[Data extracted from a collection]

- - - - - - -

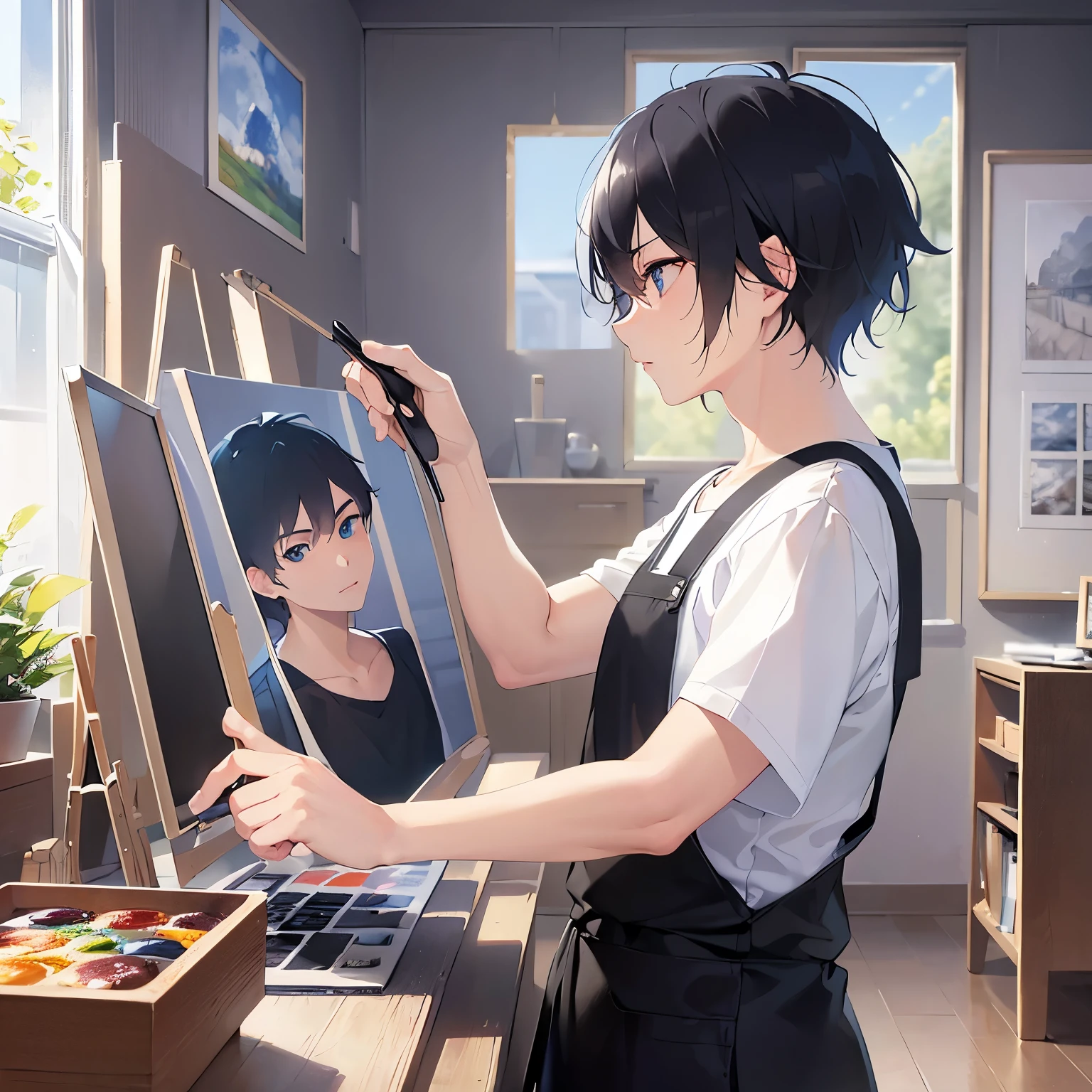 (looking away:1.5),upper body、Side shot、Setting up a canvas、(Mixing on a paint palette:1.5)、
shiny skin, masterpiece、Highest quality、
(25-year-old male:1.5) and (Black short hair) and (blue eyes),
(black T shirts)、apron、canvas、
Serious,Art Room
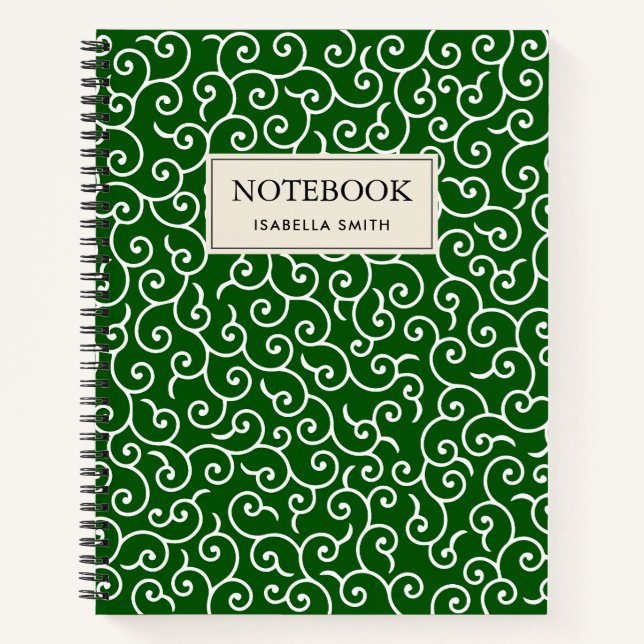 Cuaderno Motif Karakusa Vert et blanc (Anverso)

- - - - - - -

#### ACTIVITY
All lines from the one that contains "(black T shirts)、apron、canvas、" through the last line of the data should be retyped exactly, with the pictures left out.

#### ANSWER BOX
(black T shirts)、apron、canvas、
Serious,Art Room
 Cuaderno Motif Karakusa Vert et blanc (Anverso)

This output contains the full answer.